Walaupun begitu, sebenarnya istilah fafifu wasweswos bisa digunakan di berbagai momen. Misalnya digunakan untuk ngobrol santai di tongkrongan atau memberi label suatu obrolan yang dirasa berbobot.
Seperti salah satu pemilik akun Twitter @senjatanuklir bercuap dalam pada 2 Juni 2021, “Pernah menjadikan deep talk fafifu wasweswos sebagai standar, tapi lama-lama sadar, lebih mantep punya pasangan yang bisa berkomunikasi secara sehat. Yang kontrol emosi yang baik, menghargai lawan bicara, ga ‘make everything about him’ & bisa punya healthy fight.”
Bisa kita lihat, pemilik akun tersebut menggunakan kata fafifu wasweswos untuk menggambarkan suatu obrolan yang mendalam dan berbobot dengan pasangan. Kemudian tweet ini dibanjiri berbagai jenis komentar oleh warganet.

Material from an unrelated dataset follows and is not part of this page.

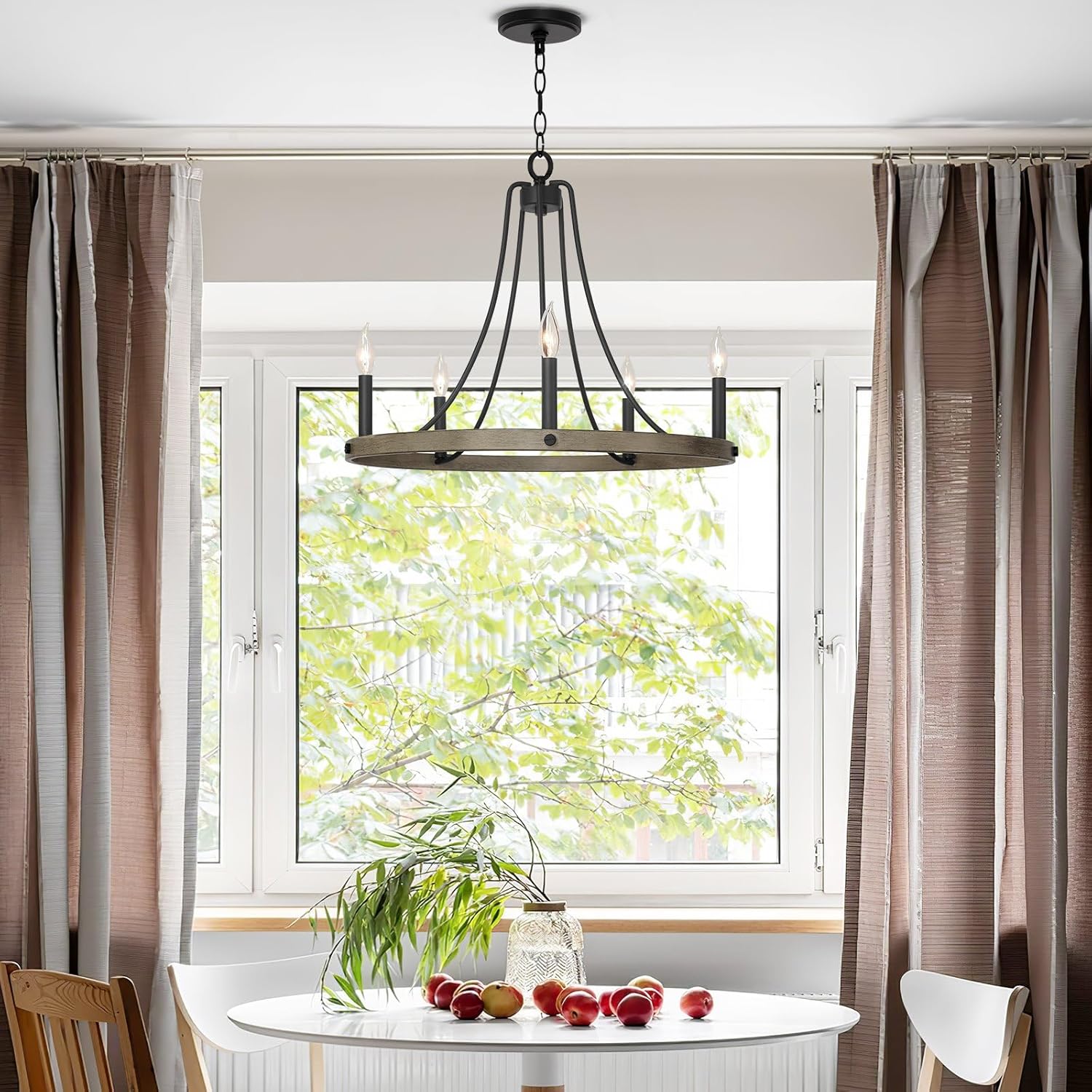 Fairbrook 25" Black and Smoked Birch Wagon Wheel Chandelier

Penggunaan istilah fafifu wasweswos untuk memojokkan seseorang tidak jarang dapat mengganggu kehidupan berpendapat dan bercuap cuap di media sosial. Mereka yang biasa bercuap tentang suatu isu, akan merasa tersinggung dan enggan untuk kembali berpendapat. Selain itu, istilah tersebut juga bisa membuat pandangan negatif terhadap seseorang.
Sayangkan kalau seandainya pendapat yang mereka tunjukan itu benar berbobot?

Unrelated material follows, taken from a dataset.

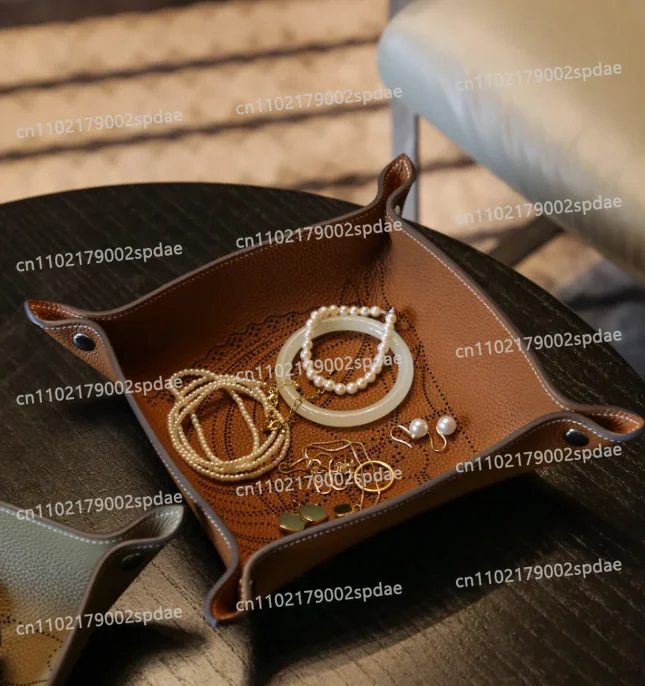 Popular leather storage tray, jewelry, keys, stationery, cosmetics, desktop ornaments, living room clutter box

Sobat kampus, sebenarnya penggunaan kalimat untuk mengkerdilkan pendapat seseorang bukan hanya istilah fafifu wasweswos saja, sebelumnya sudah ada Social justice warrior (SJW). Keduanya sama-sama menyebabkan perdebatan hebat di berbagai media sosial. Dari sisi orang yang suka bercuap-cuap, mereka tidak terima diberi label tersebut. Sebaliknya, audiens tetap mengolok-olok mereka dengan dua kata bermakna peyoratif tersebut. Maka perdebatan pun tidak akan selesai.
Fenomena mengejek orang pintar ini sebenarnya bisa kita sebut sebagai smart shaming loh sobat kampus. Memang aneh tapi nyata, orang-orang memang kadang menyebalkan ketika mereka sudah mulai merasa terintimidasi.
Begitulah fenomena fafifu wasweswos yang ramai digunakan belakangan ini. Bahasa tersebut bisa saja dimaknai sebagai bahan candaan tergantung situasi kita menggunakannya. Jadi tetap berhati-hati ya sobat kampus.